* _ACTIVITY_
Extract the text of each entry below exactly, leaving every image behind.

INFORMATION PROVIDED section start

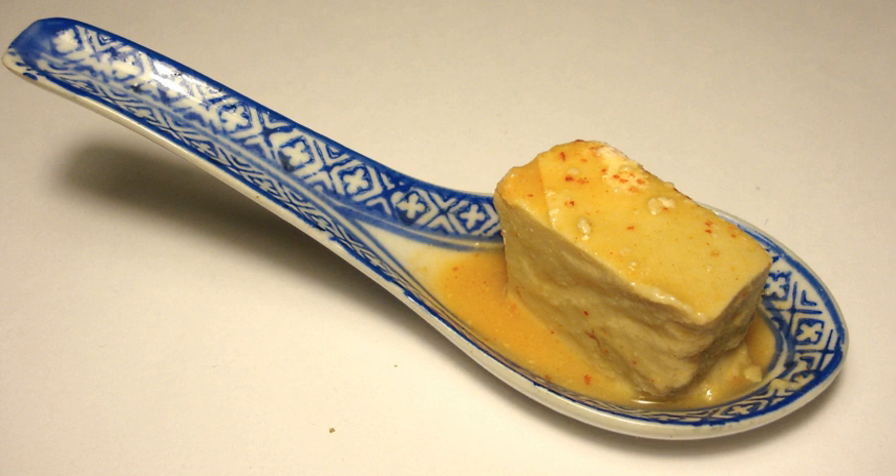In Mandarin, the product is generally known as doufuru, though in Southwest China it is often known as lufu. In English it is sometimes referred to as soy cheese.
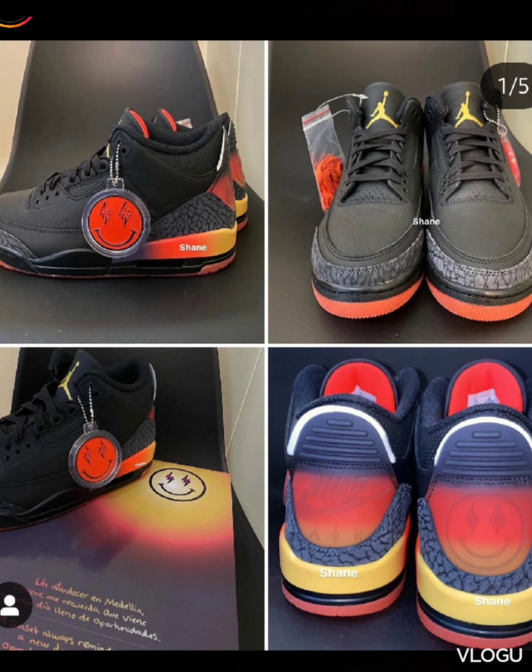Jordan Threes are comfortable sometimes and sometimes they're not, so it's up in the air for comfortability. So y'all tell me what y'all think — are these really a cop or a pass? Do you like the colorway? I'll see y'all in the next video.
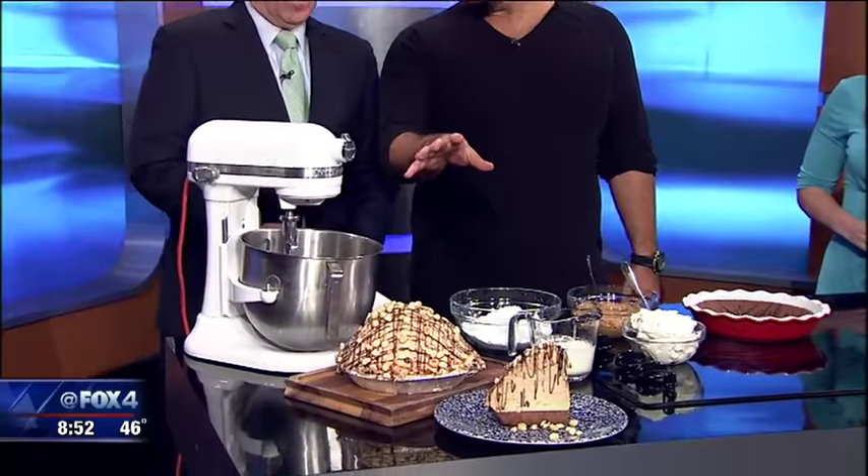We have peanut butter — dogs love peanut butter. It's got chocolate; I don't get the chocolate thing with dogs. Let's get going. So we are celebrating the holidays with our holiday pies. We have at The Rustic our peanut butter pie, which is what we're going to make today.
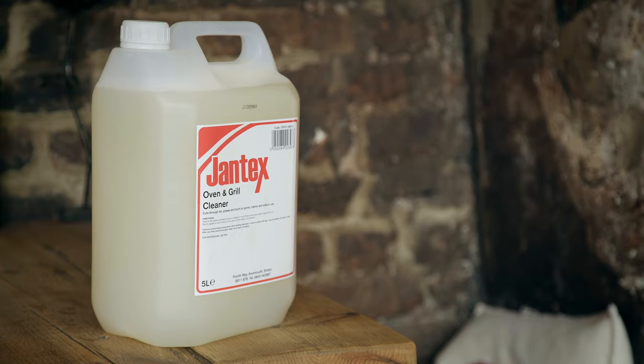I've been using the Jantex oven and grill cleaner because after cooking and roasting loads of food in the oven, it's good to be able to remove all the traces left. You just leave it on, wait a little bit, and then it's as easy as scrubbing off some dust on top of a shelf.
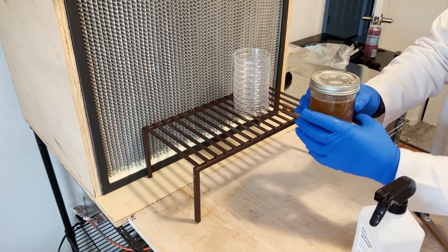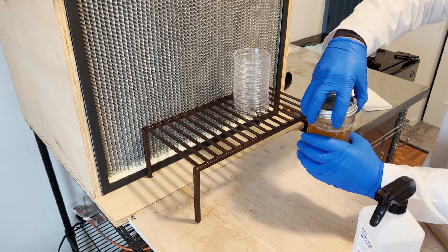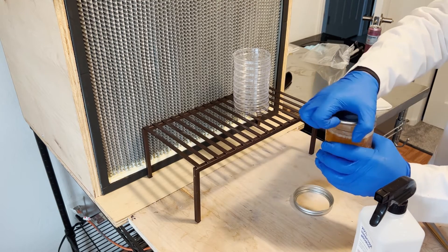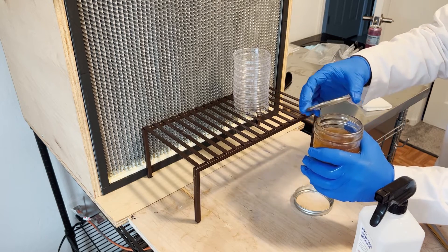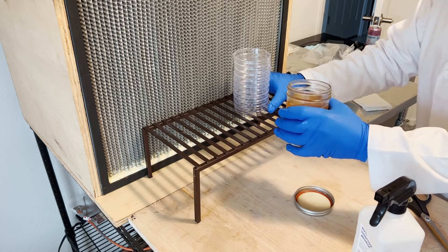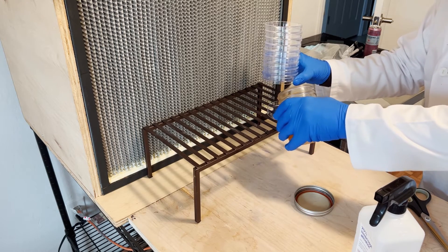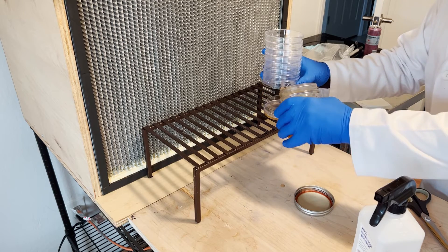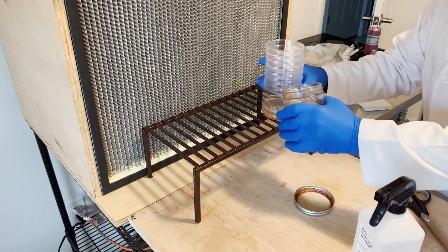Make sure it gets a nice tight seal on there — just use your fingers to pry it up a little bit. You're just looking to not overfill the plate — basically just fill the bottom and then you can stop.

INFORMATION PROVIDED section end

* _EXERCISE ANSWER_
In Mandarin, the product is generally known as doufuru, though in Southwest China it is often known as lufu. In English it is sometimes referred to as soy cheese.
Jordan Threes are comfortable sometimes and sometimes they're not, so it's up in the air for comfortability. So y'all tell me what y'all think — are these really a cop or a pass? Do you like the colorway? I'll see y'all in the next video.
We have peanut butter — dogs love peanut butter. It's got chocolate; I don't get the chocolate thing with dogs. Let's get going. So we are celebrating the holidays with our holiday pies. We have at The Rustic our peanut butter pie, which is what we're going to make today.
I've been using the Jantex oven and grill cleaner because after cooking and roasting loads of food in the oven, it's good to be able to remove all the traces left. You just leave it on, wait a little bit, and then it's as easy as scrubbing off some dust on top of a shelf.
Make sure it gets a nice tight seal on there — just use your fingers to pry it up a little bit. You're just looking to not overfill the plate — basically just fill the bottom and then you can stop.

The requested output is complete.